Disclaimer: I'm a coder and electrical engineer, and I love digital fabrication and the idea (and practice) of treating physical stuff as information to be manipulated. I think it's a tremendously powerful one. I think that more work in this area can and will happen, and that the resulting developments in personal fabrication will revolutionize the world and make great changes and be an enabling factor and all that stuff.

But.

There are some things that analog fabrication can do that digital can't, at least not at the moment (and probably for a while). Sloppy, inaccurate, non-mass-producible, human-time-required analog fabrication. Those seeming weaknesses are also, under the right circumstances, strengths.

Sure, we can make welding robots (heck, car factories have been using them for years). But when you're monkeying around an old steel bridge in Jakarta that needs a couple handrails stuck on, it's far faster, cheaper, more efficient, and probably just better design to send a human with a tiny welding rig out and tell them to hack. In situations where you'll never going to want to produce that precise artifact again (the exact way you reassembled the parts of this particular old bike frame won't be useful to someone wih a different one), analog production makes a lot of sense.

It's a setup vs execution time tradeoff - digital is heavy on setup time, analog heavy on execution.
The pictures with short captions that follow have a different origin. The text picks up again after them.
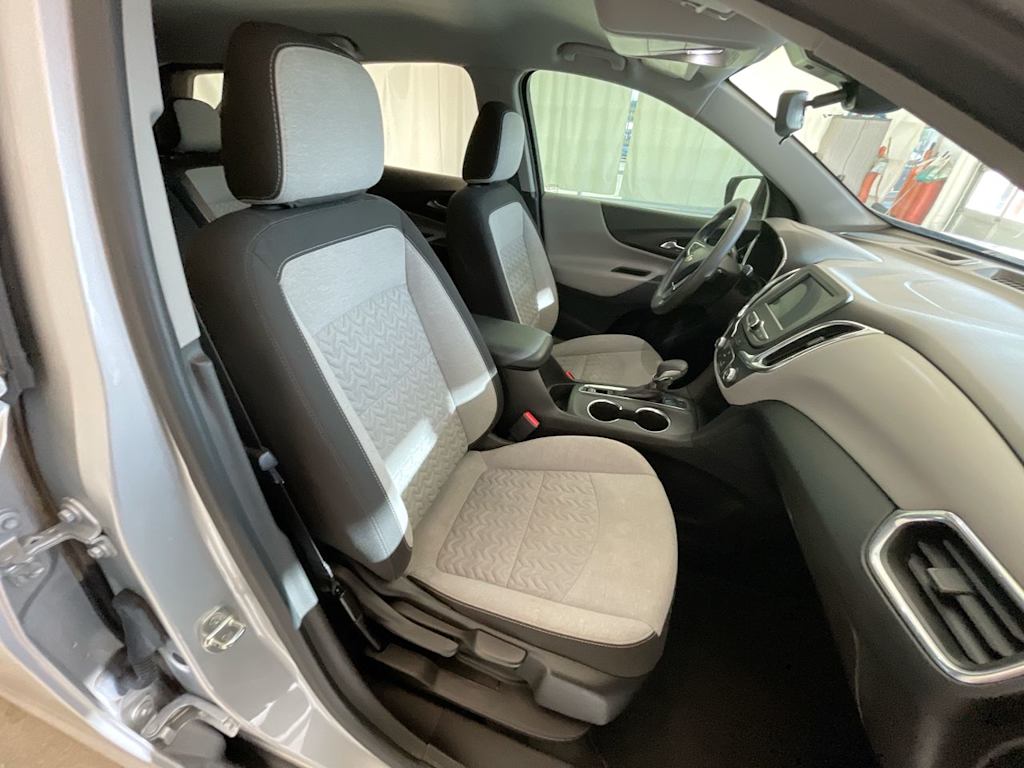 Thumbnail: 2022 Chevrolet Equinox - 27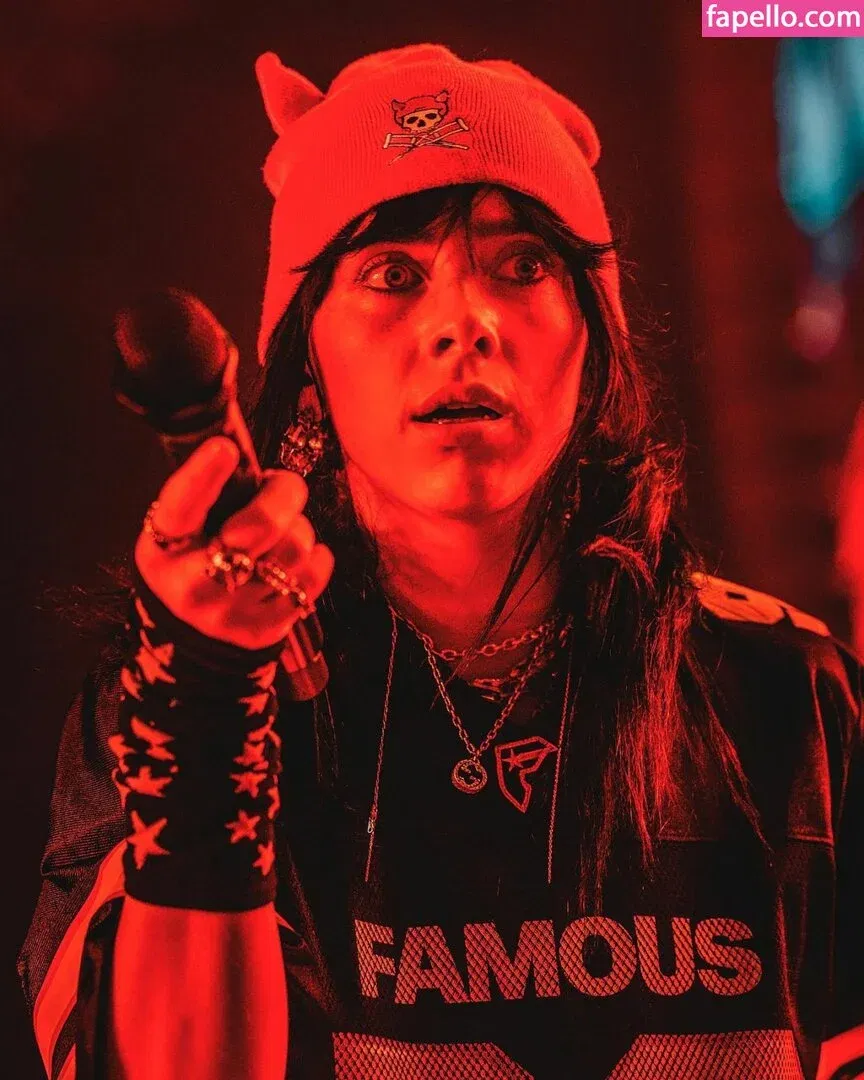 Billie Eilish Onlyfans Photo Gallery 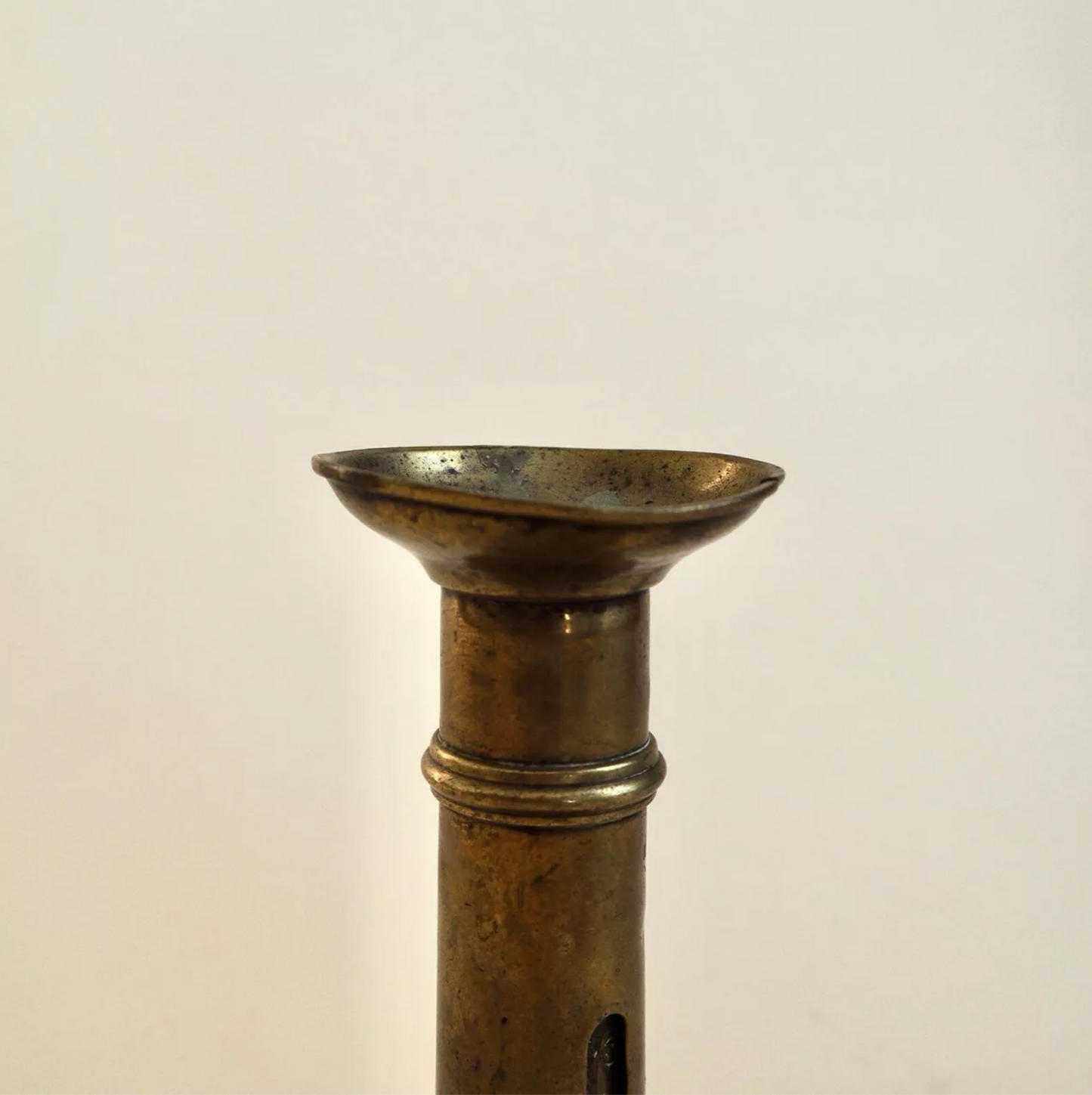 Bougeoir à pressoir en laiton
It's the same reason why software testing is done with automated scripts and manual exploration (see the work of John and James Bach, and Cem Kaner, and the context-driven school of testing, and their papers on exploratory testing). You pound on software manually because doing that is far more agile than writing scripts to do the tests you're thinking of (and 99% of those scripts would end up being useless and discarded after the first run, in any case). You write scripts because there's something you know you want to test the same way every time, many times. There's a sort of complex dance between the two - where best to use a person, where best to use code.

And call me sentimental, but there's just something viscerally satisfying about marking off and sawing wood, or shaving off plastic with a dremel, or feeding aluminum stock into a bandsaw and feeling the material respond to your movements. There's something in the way it feels to heft a good drill that can't be expressed in any coordinate system that I know of. We don't need to digitize all information. Not all information will be useful to digitize. And in any case, the end result (right now, at least) has got to be non-digital to actually physically impact the world.

What we can do is digitally share the results of these analog, human-driven adaptations. Pictures of "well, here's how I built my treehouse around this tree," an essay on "I took these old bike frames... and made a cart!" What we can also do is use digital fabrication to take the gruntwork away from analog fabrication so that people can spend their time in the creative bits ("how do I build a treehouse around this tree? Maybe I can cantilever this plank out from that branch...") and less time in the repetitive ones ("great, now I have to make a couple hundred treehouse-plank-holder-together pieces.")

What we can also do is push digital fabrication forward so that analog fab is forced to find a better and more optimal place to be (like how the advent of high-level languages freed low-level ones like assembly from having to handle All Computer Programming Problems and allowed practitioners of low-level languages to focus on interpreters, performance tweaks, and things that only low-level languages did well - admittedly, this isn't a great example).

This would probably make an interesting debate to blog out somewhere - digital vs analog fabrication, and where each method finds its strengths and weaknesses. Preferably when it's not 3:07AM and I'm half-zonked into lack of coherence from exhaustion.